Zam Wesell One-Shot
Story: Ron Marz
Art: Ted Naifeh
Coloring: Dave Stewart & Digital Chameleon
Lettering: Digital Chameleon
Reviewed by Mike Cooper (2/25/03)
When Zam learns that an artifact that she and Fett obtained for a client on an earlier mission may be used by terrorists to destroy a planet and throw the Republic into chaos, she knows that they must act. But what can two bounty hunters hope to accomplish if even the Jedi Council can't prevail?
Ah, the plot thickens. We pick up soon after the conclusion of Jango Fett, though just how soon is kept nicely vague. The best thing about this part is that it really emphasizes the fact that Jango is an honorable guy. He can do some cold-hearted things, but when push really comes to shove he always knows the right thing to do. It's one trait that he'd probably be sad to see Boba didn't pick up. Then again, he might consider it a weakness. =)
One nitpick: Zam is seen changing form to imitate a Dug, yet soon after, SW Gamer said that Clawdites are only able to change their skin, and thus can only mimic species close to their own body type. As with the mask issue in Jango Fett, it's probably the fault of the later source, especially when Gamer articles aren't exactly canon documents.
In any event, the story wraps up nicely. Yarael Poof gets the axe, explaining away his absense in AotC (which, incidentally, is said to be due to his similarity to Kaminoans). Goodbye, Master Poof (or as Tracy Morgan calls him, Dude With the Crazy Neck)!
Naifeh's art is in many ways the polar opposite of Fowler's, in that he concentrates on tight, clearly defines chapes and thin lines.

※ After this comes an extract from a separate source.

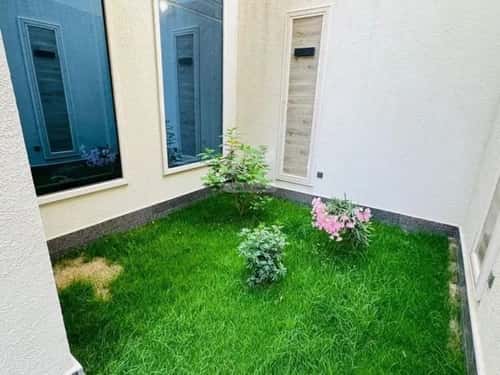 4 bedroom villa in Al Narjis 14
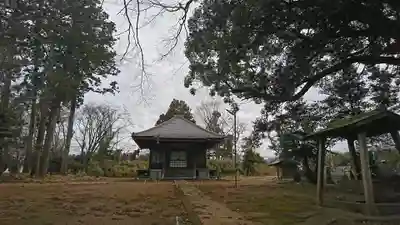 神宮寺のその他建物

It works very well in most of the book, but there are quite a few panels in which the characters aren't as consistent as they should be. The best stuff is the non-organic elements, like pretty much all of Coruscant (which looks spectacular) and Jango when his armor's on. When he's good, he'd good; when he's not good, eh.
This story's primary purpose was to introduce people to Jango and Zam, and in that regard, it succeeds wonderfully. If I had any complaints story-wise, it would be the fact that there isn't really any tie-in to the plot of AotC, and fans who aren't accustomed to the EU who see a "Jango Fett" book and decide to pick it up might be turned off by such a stand-alone plot. Works for me, though, and I guess that's all that matters. If I had to pick a preference between the JF art and the ZW art, I'd be hard-pressed to decide; each have a lot of plusses, along with a minus or two. All in all, it's an enjoyable read that pretty much set the standard for the relationship between two of the coolest prequel characters to date.